The cause of the disaster has long been attributed to its hitting an iceberg in the North Atlantic. However, experts are now claiming that the ship may have sunk due to an enormous fire on board, with numerous items of fresh evidence backing up the theory.

Researchers argue that evidence suggests there was a fire in the ship’s hull which burned unnoticed for almost three weeks leading up to the collision.

The theory of a fire on board had been suggested in the past, but new analysis of rarely seen photographs has prompted researchers to attribute the fire to being the primary cause of the ship’s demise.

Irish journalist Senan Molony, who has spent more than 30 years researching the sinking of the Titanic, studied photographs taken by the ship’s chief electrical engineers before it left Belfast shipyard. He identified 30-foot-long black marks along the front right-hand side of the hull which suggest this area was damaged before the iceberg struck the ship’s lining.

Experts subsequently confirmed the marks were likely to have been caused by a fire started in a three-storey high fuel store behind one of the ship’s boiler rooms.

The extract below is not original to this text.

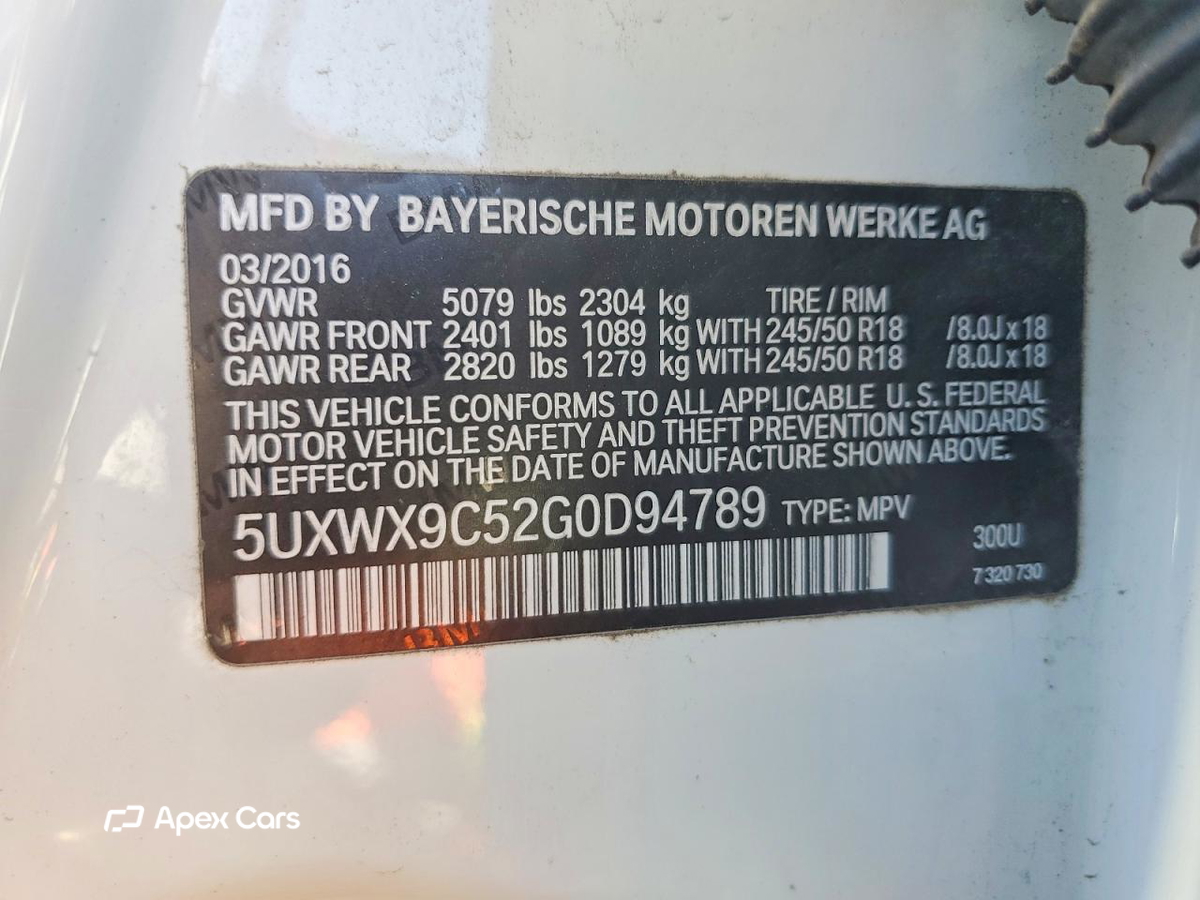 BMW X3 2016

A team of 12 men attempted to put out the flames, but it was too large to control, reaching temperatures of up to 1000 degrees Celsius. Subsequently, when the Titanic struck ice, the steel hull was weak enough for the ship’s lining to be torn open.

Officers on board were reportedly under strict instruction from J Bruce Ismay, president of the company that built the Titanic, not to mention the fire to any of the ship’s 2500 passengers. The ship was even reversed into its berth in Southampton to prevent passengers from seeing damage made to the side of the ship by the ongoing fire.

Maloney presented his research in a Channel 4 documentary, Titanic: The New Evidence, broadcast on New Year’s Day. He describes it as ‘a perfect storm of extraordinary factors coming together: fire, ice and criminal negligence.’